Marek Wawrzkiewicz
Notatki, wyznania, szkice do obrazów
...takie właśnie odczucia budzi lektura nowego tomu wierszy
Elik Aimée. I jest to narzucające się określenie sposobu pisania,
zapisywania przeżyć, konieczność napisania natychmiast – tak, jakby
autorka obawiała się, że ulotne spostrzeżenie, nagłe zobaczenie czegoś, co
wzruszyło i zainspirowało, zostanie zatarte w kruchej pamięci przez
powszedniość, zwykłość. Czyli – ulegnie zapomnieniu to, co stanowi o
rzeczywistym i prawdziwym pięknie życia i świata. I tak można – żeby
się posłużyć określeniem innego poety – ocalać od zapomnienia.
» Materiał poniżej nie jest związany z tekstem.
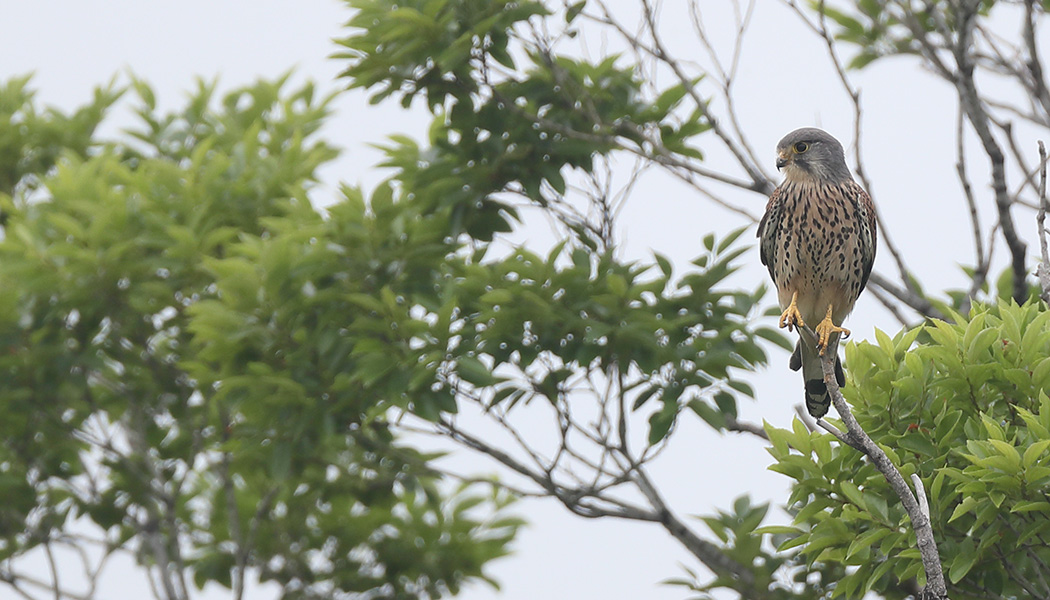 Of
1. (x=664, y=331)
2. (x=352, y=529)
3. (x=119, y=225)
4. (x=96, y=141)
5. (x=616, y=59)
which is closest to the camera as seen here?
(x=664, y=331)

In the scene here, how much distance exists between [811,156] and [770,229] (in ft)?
1.08

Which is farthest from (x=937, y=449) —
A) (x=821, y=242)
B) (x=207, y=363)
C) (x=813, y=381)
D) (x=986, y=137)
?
(x=207, y=363)

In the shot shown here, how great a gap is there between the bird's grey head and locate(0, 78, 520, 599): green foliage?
1.94m

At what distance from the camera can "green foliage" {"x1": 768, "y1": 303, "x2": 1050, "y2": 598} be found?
3.73 metres

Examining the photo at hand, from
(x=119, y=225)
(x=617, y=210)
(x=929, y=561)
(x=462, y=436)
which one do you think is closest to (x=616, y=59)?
(x=617, y=210)

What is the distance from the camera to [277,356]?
5844 millimetres

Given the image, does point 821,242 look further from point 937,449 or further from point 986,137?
point 986,137

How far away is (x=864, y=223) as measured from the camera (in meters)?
4.49

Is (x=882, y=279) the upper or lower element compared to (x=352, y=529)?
upper

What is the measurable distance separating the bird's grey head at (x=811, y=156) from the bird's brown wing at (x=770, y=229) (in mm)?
120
Notatka liryczna, wyznanie napisane nie w liście do konkretnego adresata, a w
wierszu (tak, aby się stało rodzajem listu otwartego, adresowanego do
wszystkich, którzy podobnych uczuć doświadczają). Nie gotowy, wykończony w
szczegółach obraz, a po prostu szkic do niego – wykonany po to, aby człowiek
wrażliwy mógł na ten szkic nanieść barwy i tonacje własnego
wzruszenia i przeżycia. Próba wciągnięcia czytelnika w żywioł wiersza,
propozycja, aby przeżył go razem z autorem. Próba czytelna, prosta i... nieśmiała.
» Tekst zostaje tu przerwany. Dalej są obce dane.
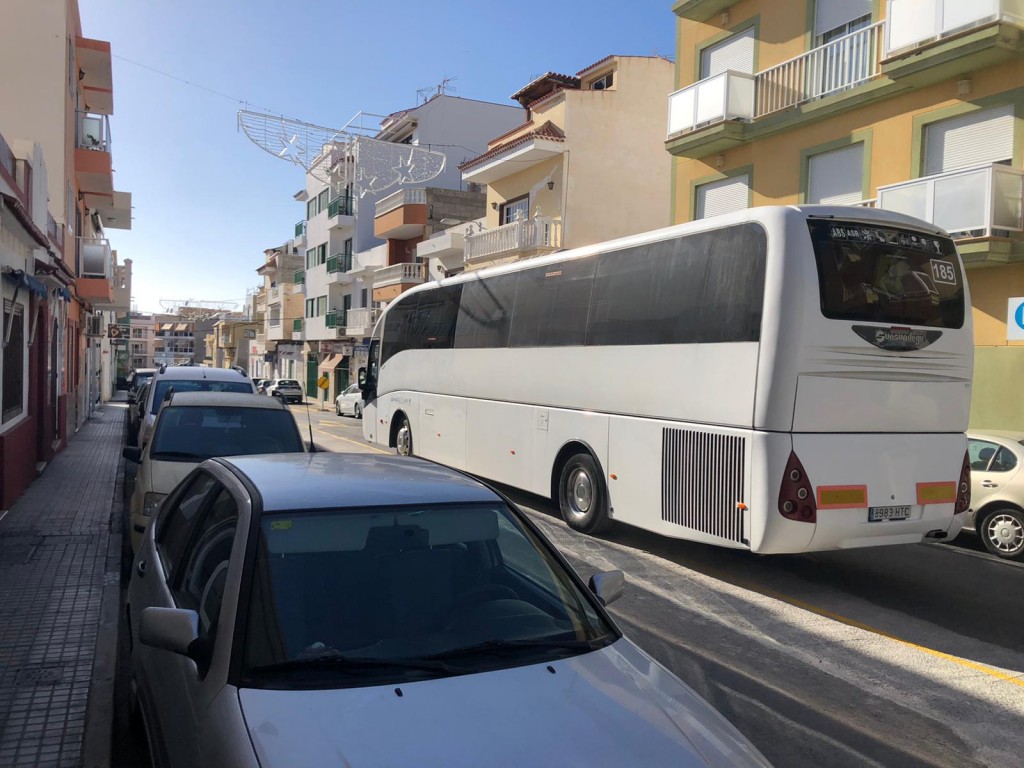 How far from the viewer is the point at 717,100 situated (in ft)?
59.9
Skromna, co cenić trzeba w epoce zawłaszczania, dyktowania i wszechwładnych
mód.
Elik Aimée złożyła tom z pastelowych, jasnych pejzaży i prostych ludzkich
zwierzeń. Pejzaże nasycone są nie tylko klimatem, ale i osobistym przeżyciem.
Liryki mogą się stać dla czytelnika tak własne, jak osobiste są dla
autorki, która wie, że szansa poezji polega na powtarzalności ludzkich uczuć.
Wszyscy czujemy i przeżywamy to samo i tak samo, ale niektórzy z nas muszą to
napisać z nadzieją, że nie tylko ich to dotyczy...
Myślę, że w tym przypadku mamy do czynienia z nadzieją uzasadnioną.